[Exercise goal]: Under this line are the records; repeat exactly the lines starting at the one containing "2024 Cadillac XT5 Sport" and ending at the one containing "Michael Kors Pour Homme Absolu", omitting pictures.

[Source information]:
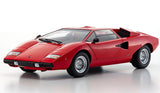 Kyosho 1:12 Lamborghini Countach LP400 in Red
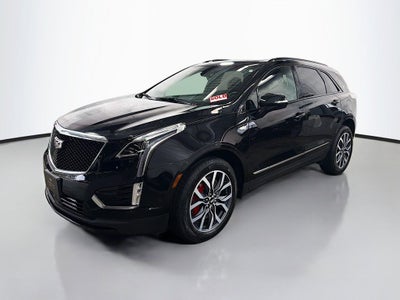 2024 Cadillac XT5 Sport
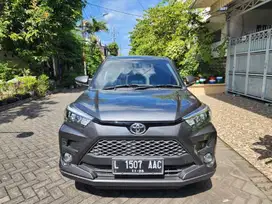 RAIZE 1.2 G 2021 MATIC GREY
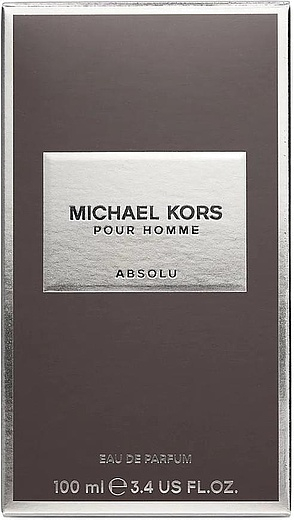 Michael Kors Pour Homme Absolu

==

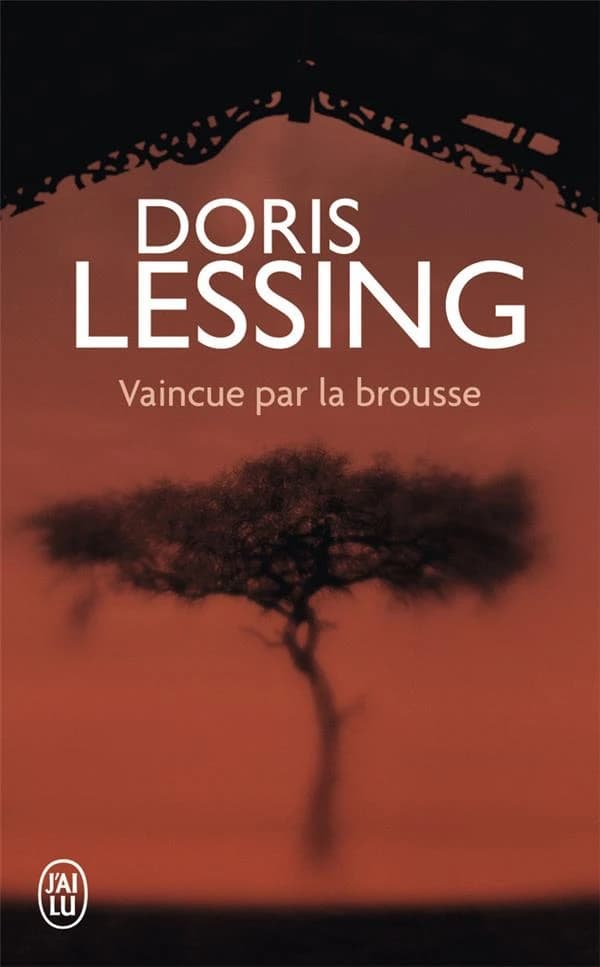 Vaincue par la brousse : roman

[Problem solution]:
 2024 Cadillac XT5 Sport
 RAIZE 1.2 G 2021 MATIC GREY
 Michael Kors Pour Homme Absolu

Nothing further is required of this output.